- _Provided data_:
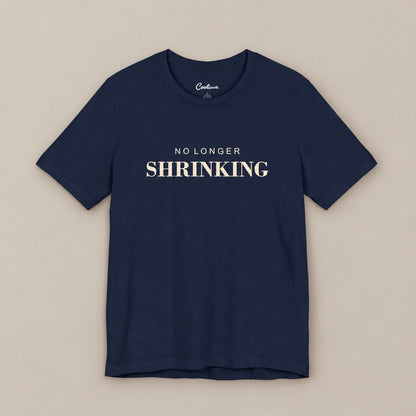 Navy NO LONGER SHRINKING Bella+Canvas 3001 tee, complete square flat lay with warm ivory lettering on a plain warm neutral background.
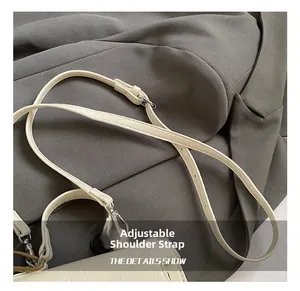 Détail de la bandoulière réglable en cuir beige avec boucles métalliques argentées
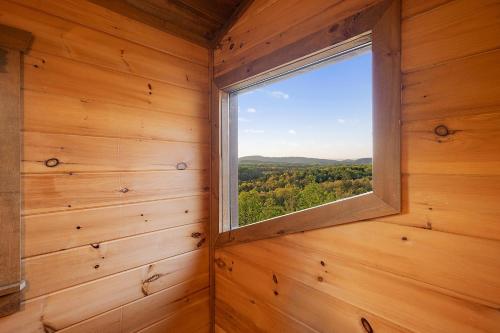 a window in a wooden room with a view at Majestic View in Mashburn Mill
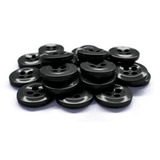 Work Shirt Buttons in black are scattered and stacked on a white surface.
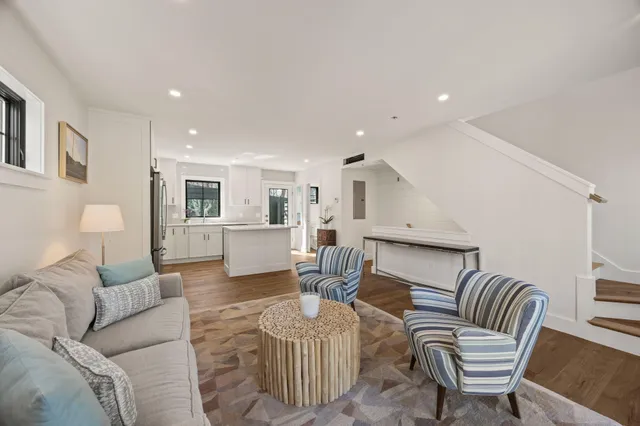 a living room with furniture or kitchen view and a wooden floor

- _Work instruction_: Images stay out; the entries above are to be printed exactly.

- _Exercise result_:
 Navy NO LONGER SHRINKING Bella+Canvas 3001 tee, complete square flat lay with warm ivory lettering on a plain warm neutral background.
 Détail de la bandoulière réglable en cuir beige avec boucles métalliques argentées
 a window in a wooden room with a view at Majestic View in Mashburn Mill
 Work Shirt Buttons in black are scattered and stacked on a white surface.
 a living room with furniture or kitchen view and a wooden floor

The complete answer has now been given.